Despite the upward revision of short-term inflation expectations, ECB officials emphasized that the current macroeconomic environment is fundamentally different from the inflation peak in 2022. Labor demand within Europe is further cooling, and wage growth is expected to slow over the next year. Policymakers have not observed secondary effects of a wage-price spiral at this stage. Since this rate hike is not the start of an aggressive policy cycle and there has been no discussion of neutral rates or ranges, the market generally expects the ECB to enter a policy observation period after this action, with no predetermined path for future interest rates.

U.S. Producer Price Index Exceeds Expectations

As the ECB announced its rate hike, data from the U.S. Department of Labor showed that the year-on-year growth rate of the Producer Price Index for May rose to 6.5%, significantly higher than the previous value of 5.7%, marking the highest level since November 2022. The core PPI growth rate remained stable at 4.9%. Price pressures from the supply chain continue to transmit to the consumer side, bringing inflation back to the forefront of market concerns. This data adds uncertainty to the upcoming Federal Reserve System monetary policy meeting, which will feature the first policy event chaired by the new chairman, Walsh.

Global Central Bank Shifts Trigger Market Reassessment

In addition to the major central banks in Europe and the U.S., the Bank of Japan is also expected to raise its benchmark rate by 25 basis points to 1.0% at next week's meeting and may announce further reductions in government bond purchases. As the attitudes of the three major global central banks shift towards tightening, the international financial market's funding environment is undergoing profound repricing. If core inflation indicators in major economies continue to rise due to geopolitical factors or demand-side rebounds, global multi-asset market pricing models may face a comprehensive reassessment, with short-term market volatility likely to increase.

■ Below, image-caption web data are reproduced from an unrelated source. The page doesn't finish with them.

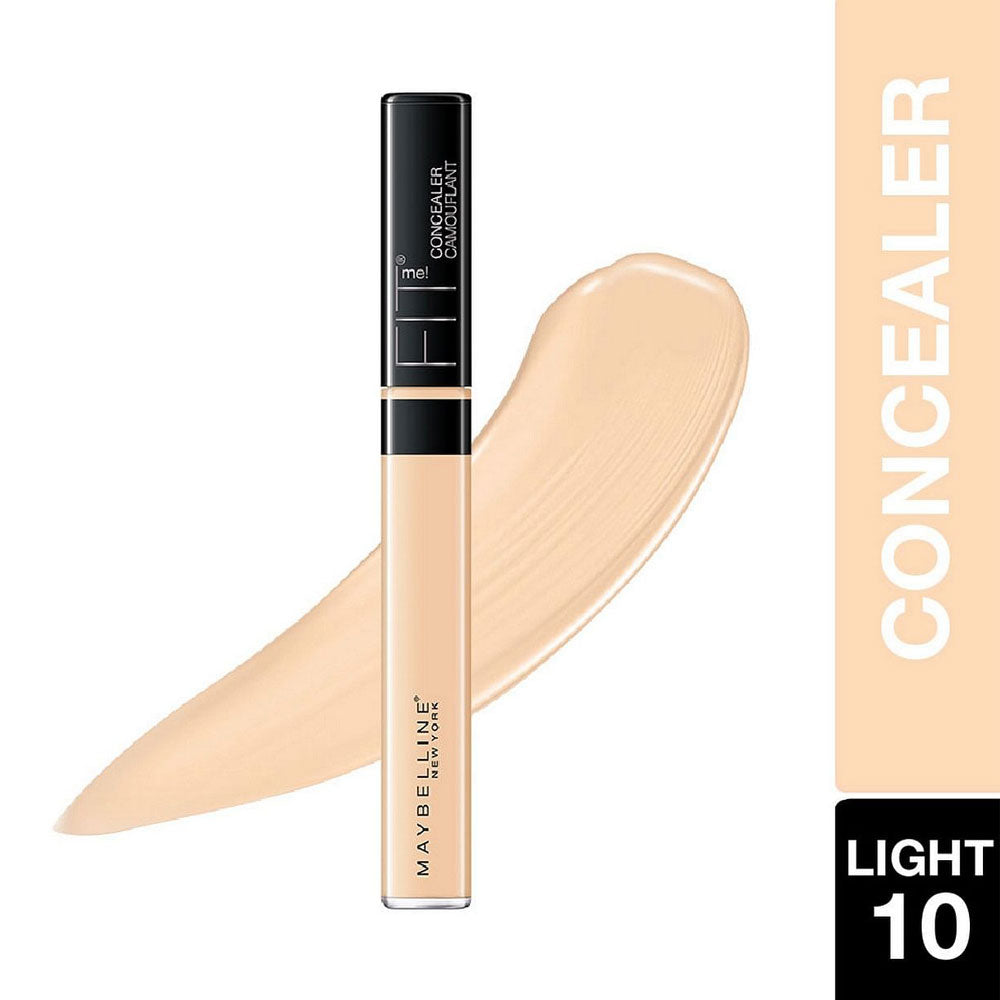 فت مي كونسيلر من ميبيلين
Maybelline Fit Me Concealer – درجة Light 10
التركيبة
قوام سائل خفيف
خالي من الزيت Oil-free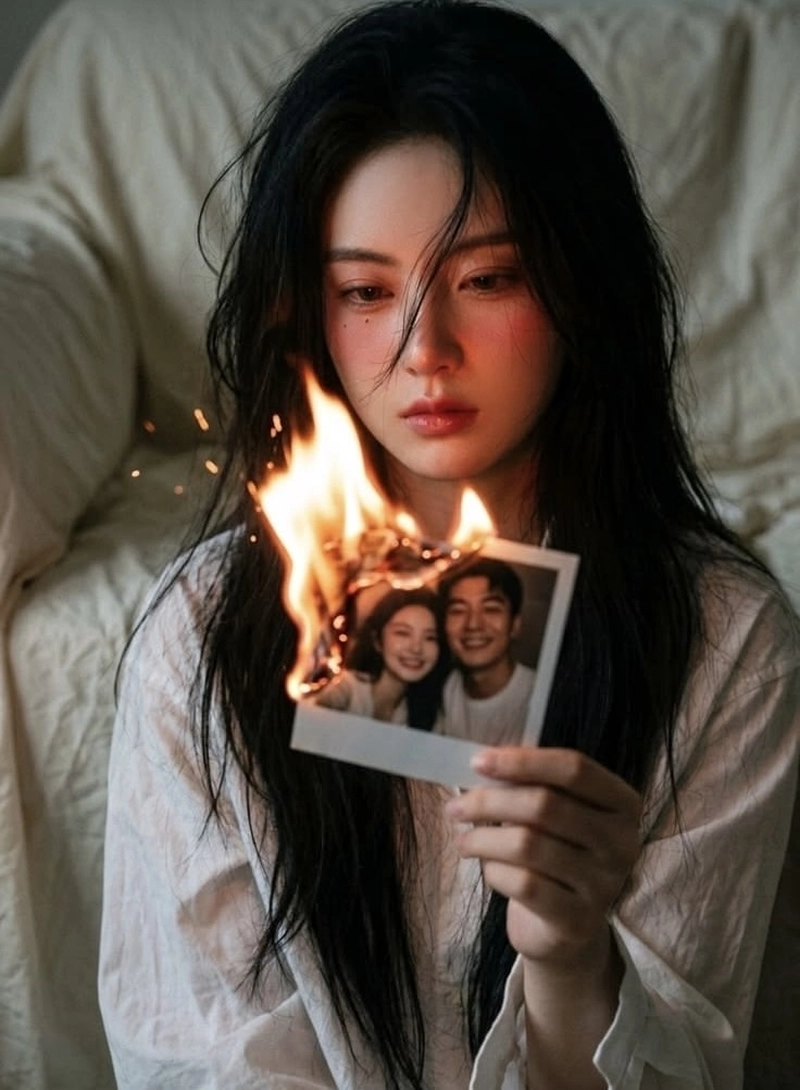 broken mood aesthetics shown in sad dp of girl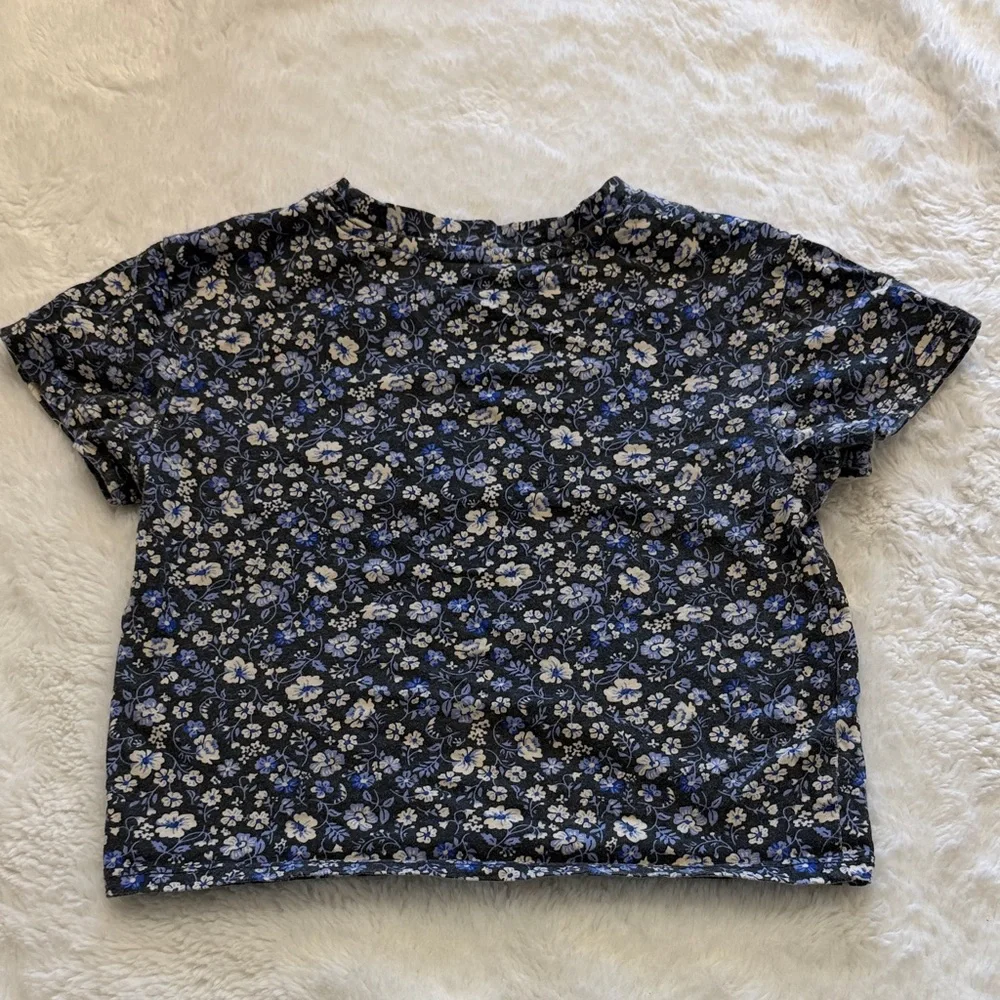 H&M Blue Floral Patterned Outfit - Picture 5 of 7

Risk Warning and Disclaimer

The market carries risks, and investment should be cautious. This article does not constitute personal investment advice and has not taken into account individual users' specific investment goals, financial situations, or needs. Users should consider whether any opinions, viewpoints, or conclusions in this article are suitable for their particular circumstances. Investing based on this is at one's own responsibility.